CPU Features Dispatching#

For each algorithm oneDAL provides several code paths for x86-64-compatible architectural extensions.

Following extensions are currently supported:

  • Intel® Streaming SIMD Extensions 2 (Intel® SSE2)

  • Intel® Streaming SIMD Extensions 4.2 (Intel® SSE4.2)

  • Intel® Advanced Vector Extensions 2 (Intel® AVX2)

  • Intel® Advanced Vector Extensions 512 (Intel® AVX-512)

The particular code path is chosen at runtime based on underlying hardware properties.

This chapter describes how the code is organized to support this variety of extensions.

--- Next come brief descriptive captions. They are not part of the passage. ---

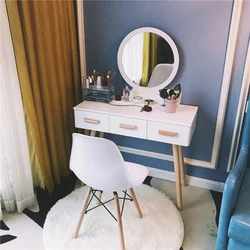 Photo of a dressing table in the bedroom with a mirror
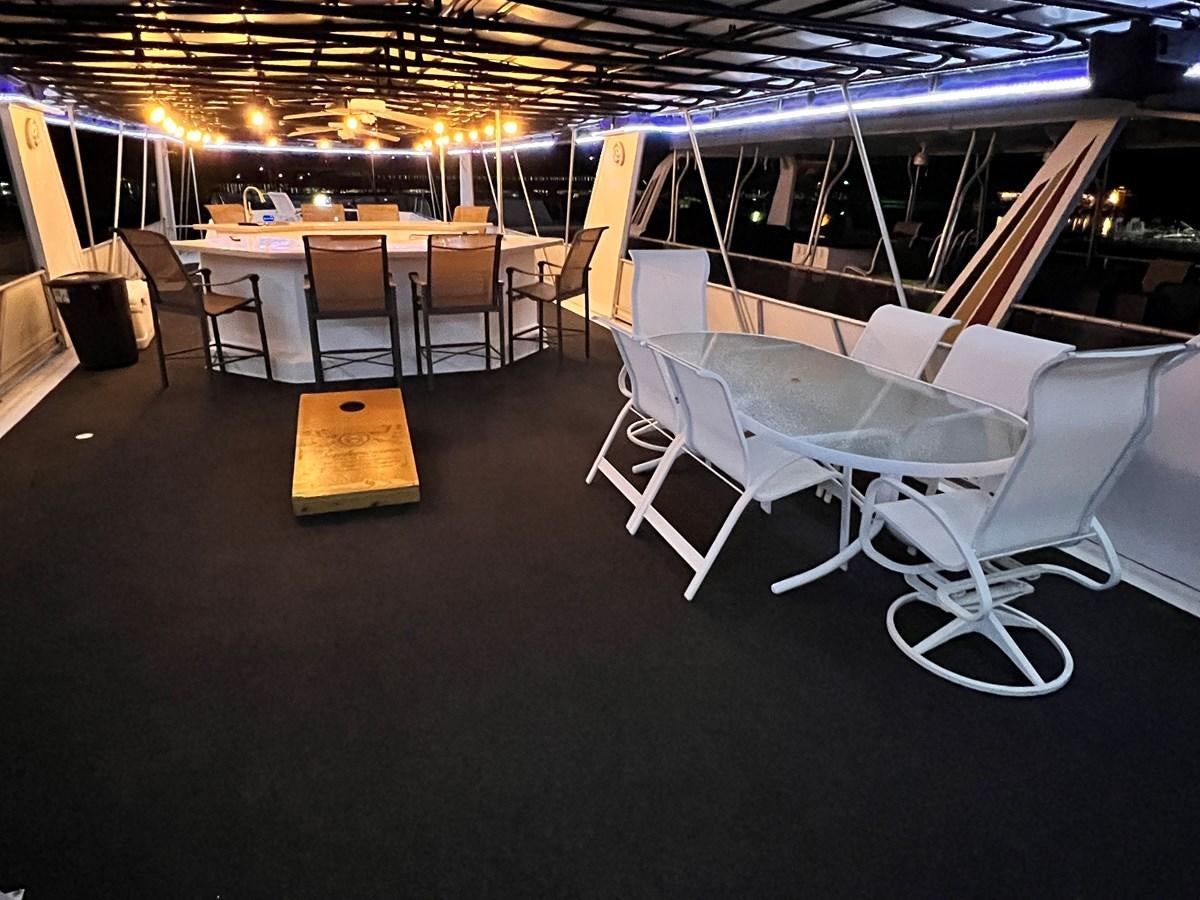 a room with chairs and tables aboard 2010/1995 STARDUST 20 X 95WB NLST Yacht for Sale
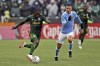 Portland Timbers midfielder Yimmi Chara (23) dribbles ahead of New York City FC midfielder Alfredo Morales (7) during the first half of the MLS Cup soccer match Saturday, Dec. 11, 2021, in Portland, Ore. (AP Photo/Amanda Loman)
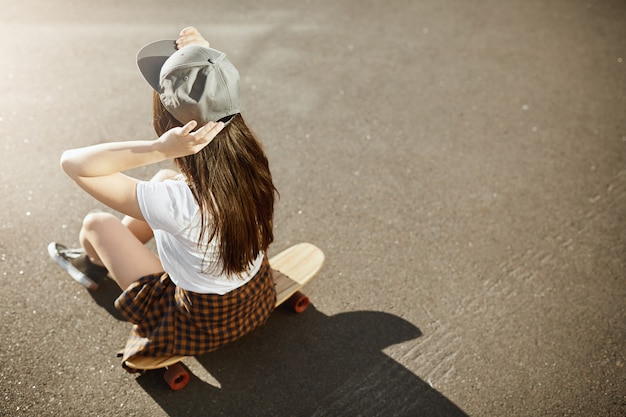 Campeona de skate femenina sentada en su longboard con sombrero en un día soleado en un entorno urbano.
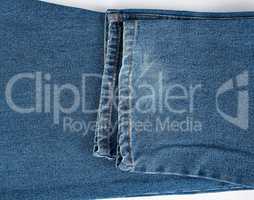 fragment of blue folded jeans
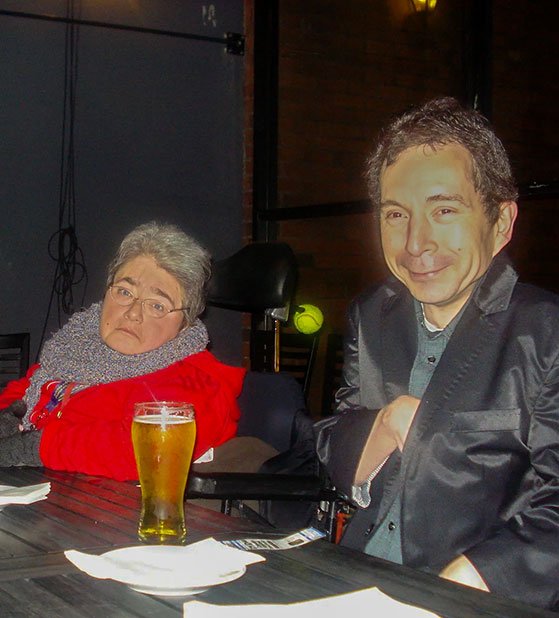 Two people sit close together at the fundraiser, posing for the camera in a casual indoor setting.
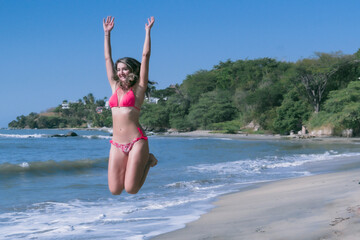 Capturing the magical moment of a radiant young woman, enthusiastically leaping on the golden sands of a Caribbean beach, her bronzed and slender body personifies the vibrant joy of the paradise 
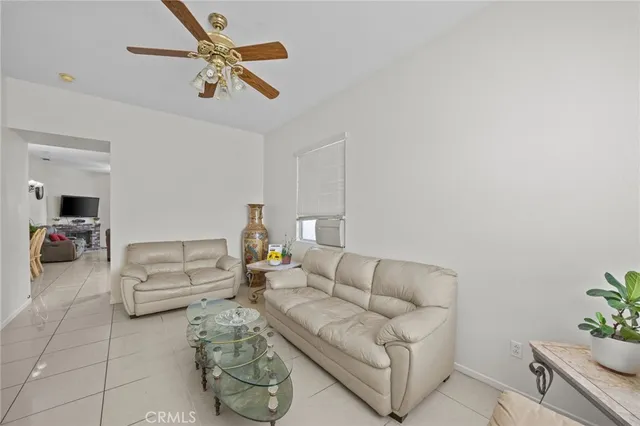 a living room with furniture and a ceiling fan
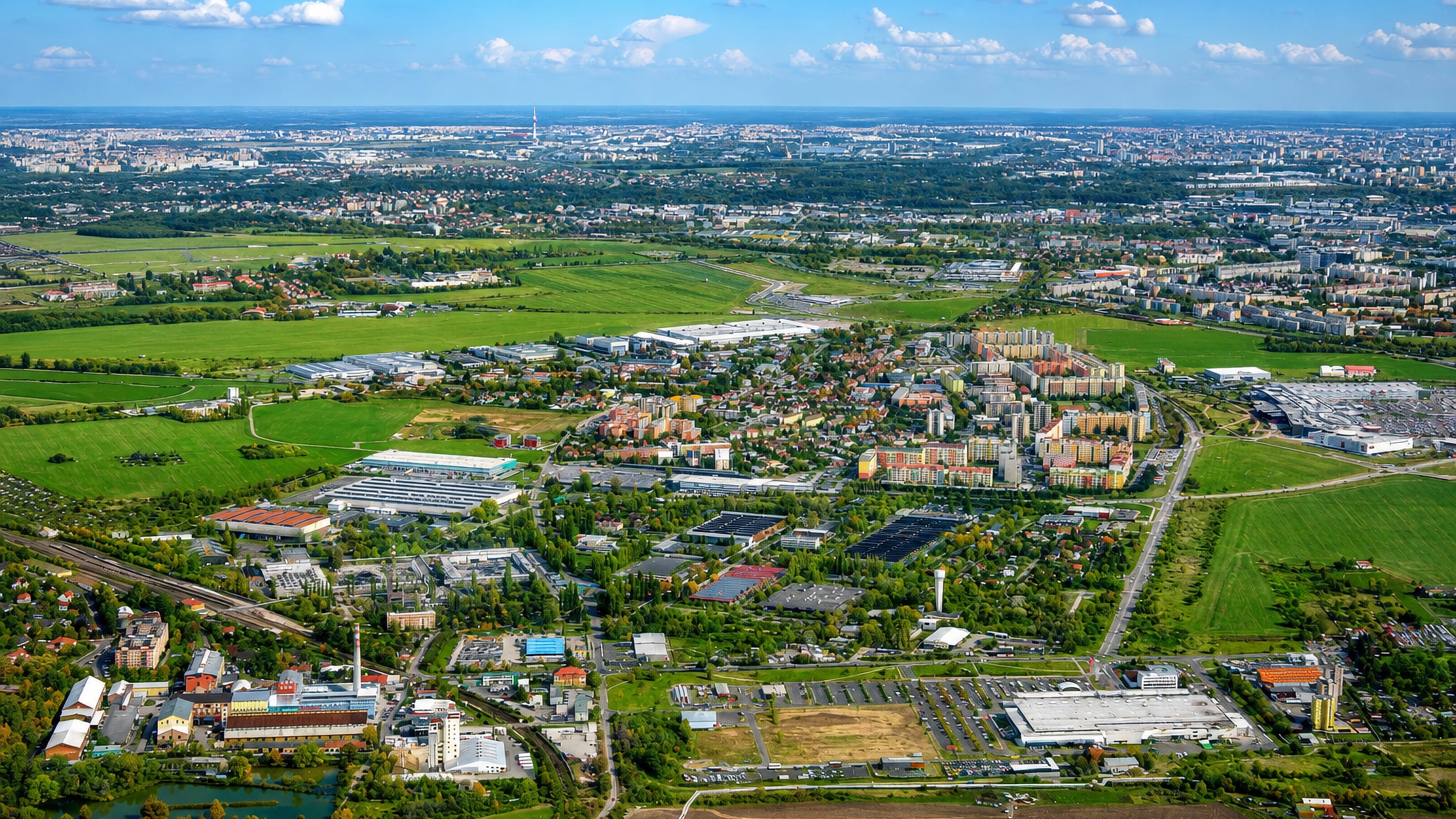 High aerial over Letňany in northern Prague, with housing blocks, retail sheds and the city skyline beyond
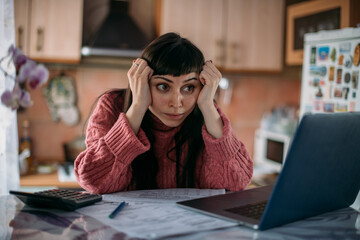 Sad woman holding her head over utility bills in front of a laptop. The concept of rising prices...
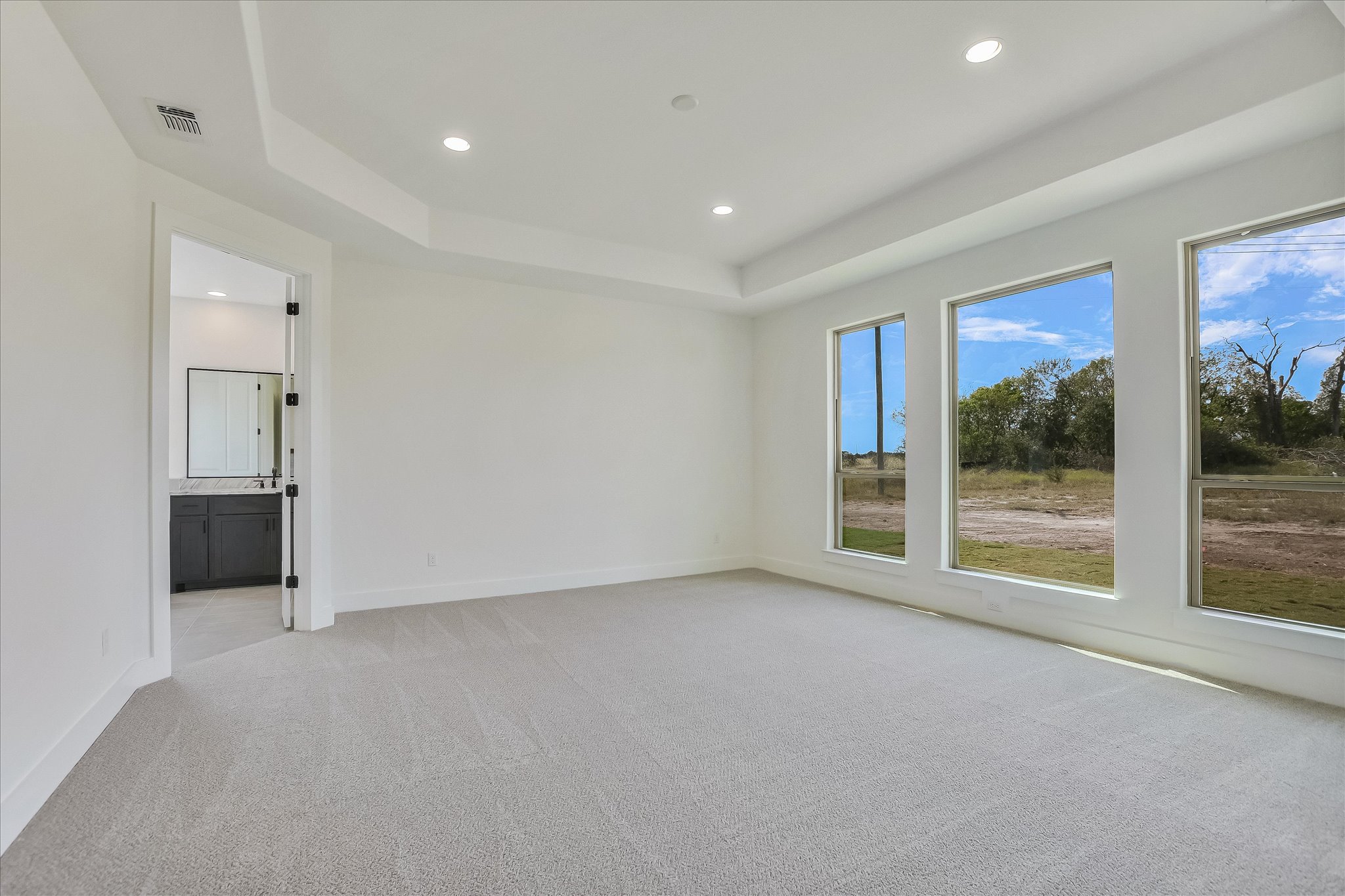 220 Scofield Avenue Georgetown, TX 78626 - Photo 18 of 32 a view of an empty room with a window
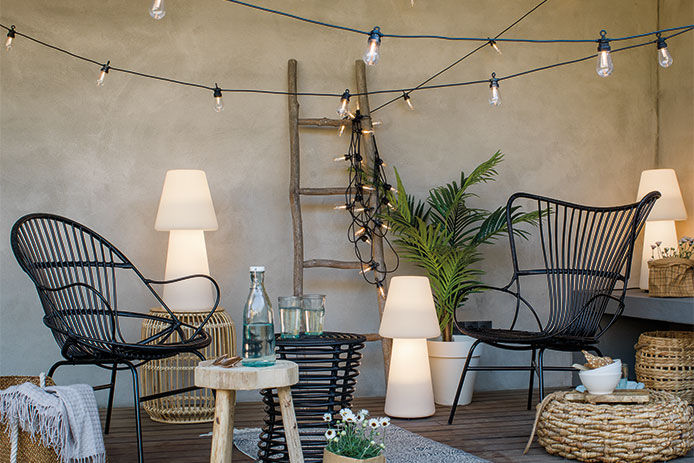 A lifestyle image of a boho style patio with black string lights and house plants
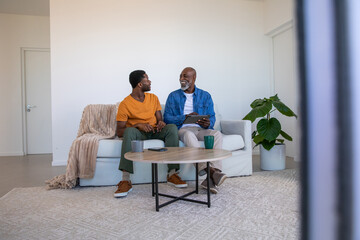 African american father and son chatting over tablet, coffee mugs in living room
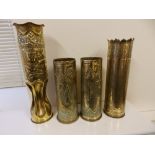 A pair of German trench art shell cases – 'Marne' , a French waisted trench art case and one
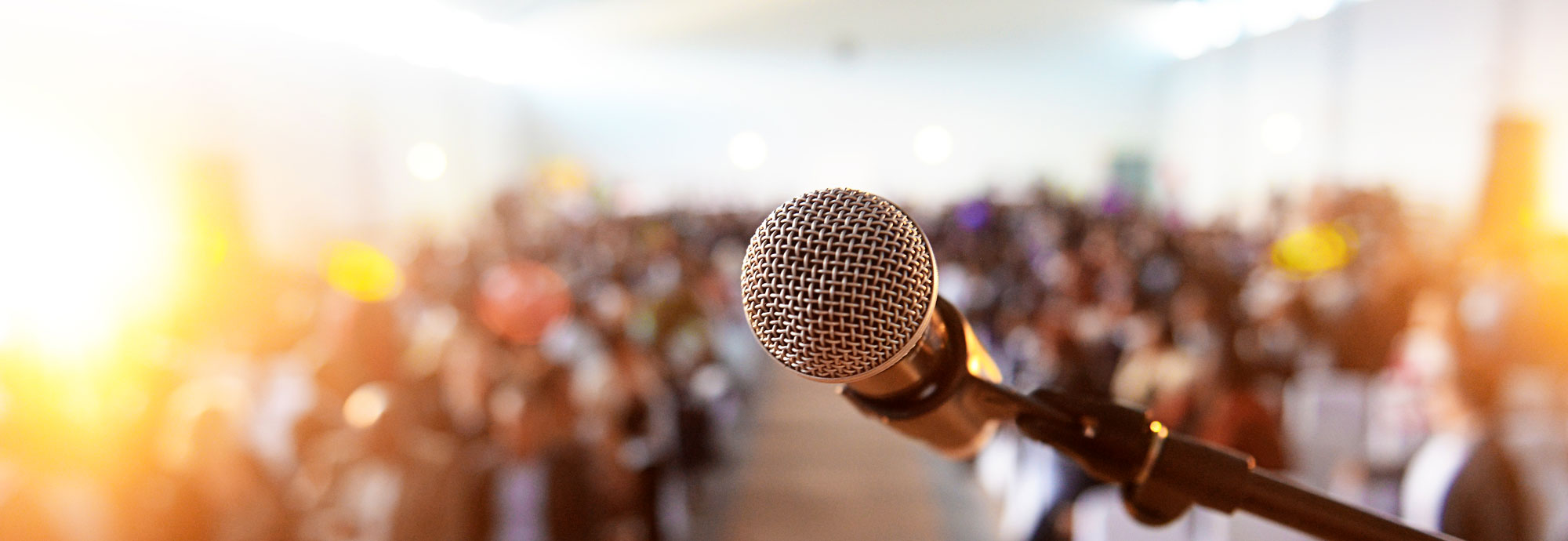 A microphone is in focus, with an out-of-focus crowd of people seated in front.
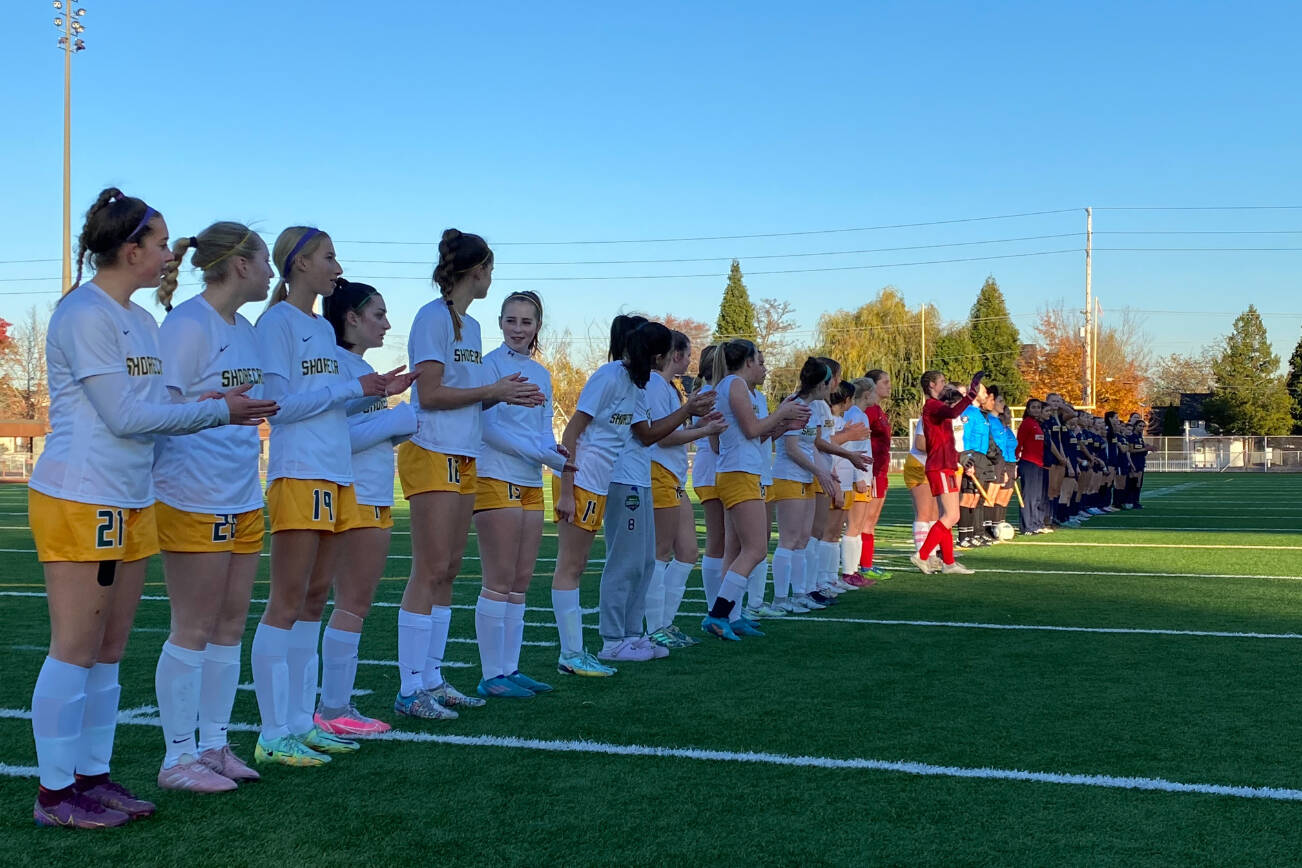 The Shorecrest and Bellevue girls soccer teams line up on the field before a 3A state semifinal match on Nov. 18, 2022, at Sparks Stadium in Puyallup. (Nick Patterson / The Herald)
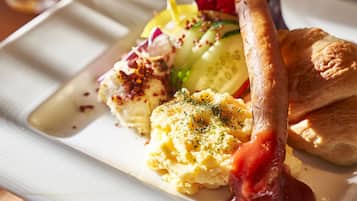 Une assiette contenant des œufs brouillés, une saucisse et une salade en accompagnement.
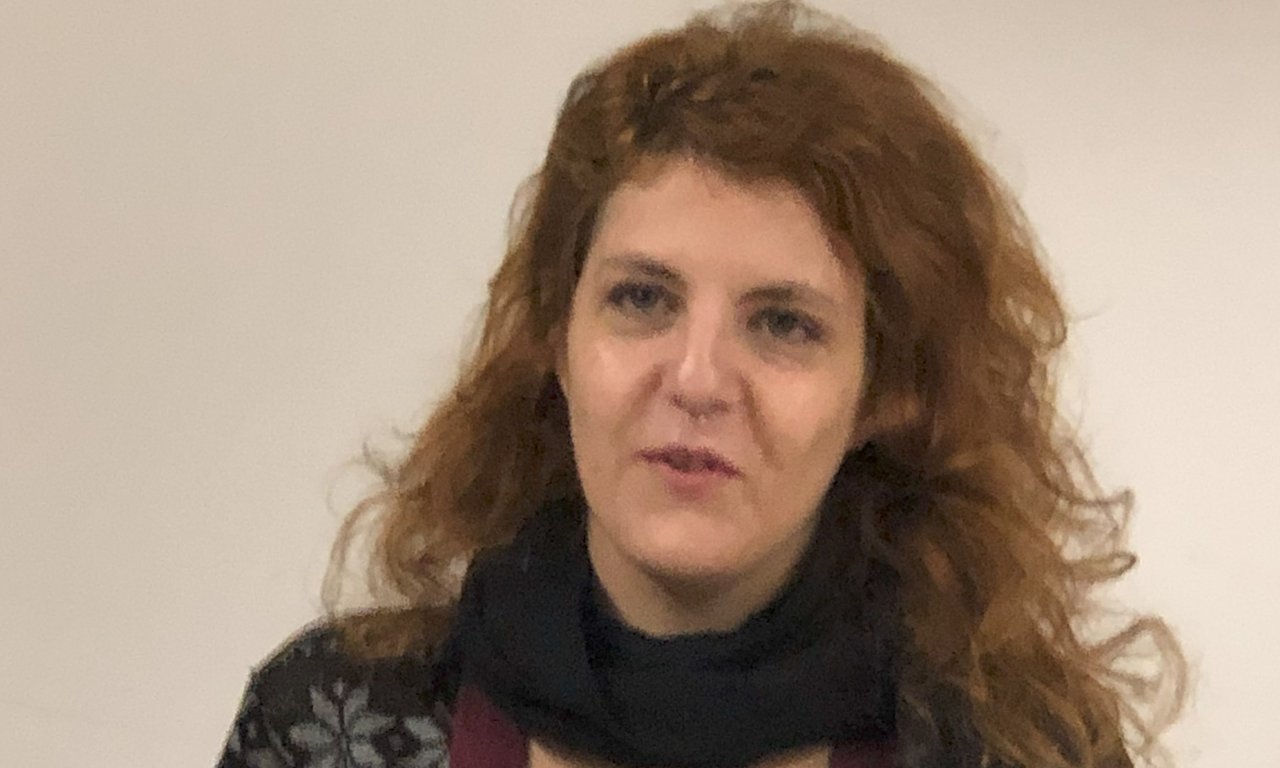 Eine Frau hält einen Vortrag, sie hat mehrere Blätter Papier in den Händen.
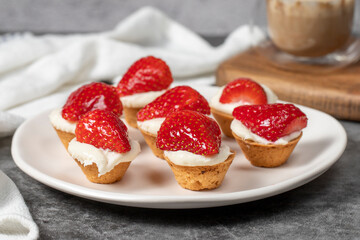Strawberry tartlet. Delicious tartlet dessert on plate. close up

Algorithm Implementation Options#

In addition to the architectural extensions, an algorithm in oneDAL may have various implementation options. Below is a description of these options to help you better understand the oneDAL code structure and conventions.

Computational Tasks#

An algorithm might have various tasks to compute. The most common options are:

Computational Stages#

An algorithm might have training and inference computation stages aimed at training a model on the input dataset and computing the inference results, respectively.

Computational Methods#

An algorithm can support several methods for the same type of computations. For example, kNN algorithm supports brute_force and kd_tree methods for algorithm training and inference.

Computational Modes#

oneDAL can provide several computational modes for an algorithm. See Computational Modes chapter for details.

Folders and Files#

Suppose that you are working on some algorithm Abc in oneDAL.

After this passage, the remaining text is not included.